Qual a diferença entre uma mulher branca ou uma mulher negra? Vou contar o caso e voltarei ao assunto ali a frente. Uma menina aqui da nossa cidade, Curitiba, chamada Thaune Cordeiro, 19 anos, foi hostilizado por estar usando um turbante. Eu nunca imaginei que turbante fosse exclusividade da raça negra.

Entendo que em regiões do Mundo se usem mais, ou menos turbantes, mas não é uma exclusividade das mulheres negras. Mas voltando ao fato da nossa (Curitibana) Thauane, que por razões de doença estava usando o adereço que ao que parece, até então era de uso exclusivo das mulheres negras.

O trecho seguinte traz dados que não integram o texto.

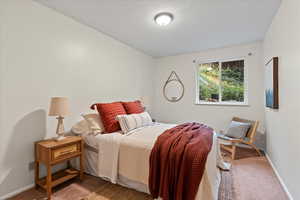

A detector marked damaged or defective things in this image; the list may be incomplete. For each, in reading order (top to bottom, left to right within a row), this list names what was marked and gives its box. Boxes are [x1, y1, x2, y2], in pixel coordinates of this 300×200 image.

rust accent pillow [90, 102, 125, 134]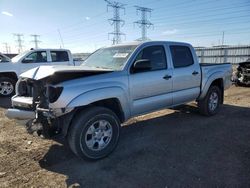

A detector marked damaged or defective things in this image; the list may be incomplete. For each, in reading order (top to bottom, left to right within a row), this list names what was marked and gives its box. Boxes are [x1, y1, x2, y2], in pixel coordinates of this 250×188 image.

damaged hood [20, 65, 113, 81]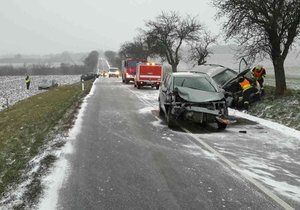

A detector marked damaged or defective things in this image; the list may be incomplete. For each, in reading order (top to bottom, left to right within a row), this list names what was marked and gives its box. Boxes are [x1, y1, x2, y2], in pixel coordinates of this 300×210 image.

damaged silver car [159, 72, 230, 130]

Vou resumir o relato dela; em setembro passado, fui diagnosticada com leucemia, a doença se desenvolveu em decorrência de uma anemia mal tratada. Como me sentia cada vez pior, decidi procurar um medico, quando veio o diagnóstico de leucemia, finquei em estado de choque. Iniciamos o tratamento e meu cabelo começou a cair, não suportava ver aquilo, tomei a decisão de cortar de vez. Para me apoiar, meu irmão raspou o cabelo dele também, choramos juntos. Quando fui a São Paulo visitar meu namorado, cheguei totalmente careca, ele foi me buscar na rodoviária, e senti uma terrível vergonha.

No dia seguinte, para me animar, uma amiga sugeriu que eu comprasse algo bacana, da discussão, surgiu a ideia do turbante. Fomos à rua 25 de março e achamos uma loja que vendia por R$ 25,00, experimentei e a sensação foi ótima, o volume me dava a sensação de cabelo. Eu me senti bem pela primeira vez em muito tempo. Animada, fui encontrar o meu namorado.

Na estação, enquanto esperava meu namorado, passou um grupo de meninas negras. Uma delas veio até mim e disse que eu não poderia usar aquilo. Por que perguntei? Ela disse, porque você é branca! Tirei o turbante e disse isso aqui é câncer. Elas foram embora, mas eu fiquei péssima.

Bem essa é a história ocorrida com a Thauane, que me fez pensar na natureza humana. As meninas negras, não tinham condição de saber do estado da nossa curitibana, por outro lado à atitude delas me leva a perguntar, e o uso de calcinha?

E do porta seios, é uma exclusividade de mulheres brancas? E a menstruação, e ter filhos? Tudo mais, é comum para negras e brancas, menos a moda? Qual será a linha de raciocínio que leva a definir se o que uma mulher usa como indumentária é o que caracteriza sua raça?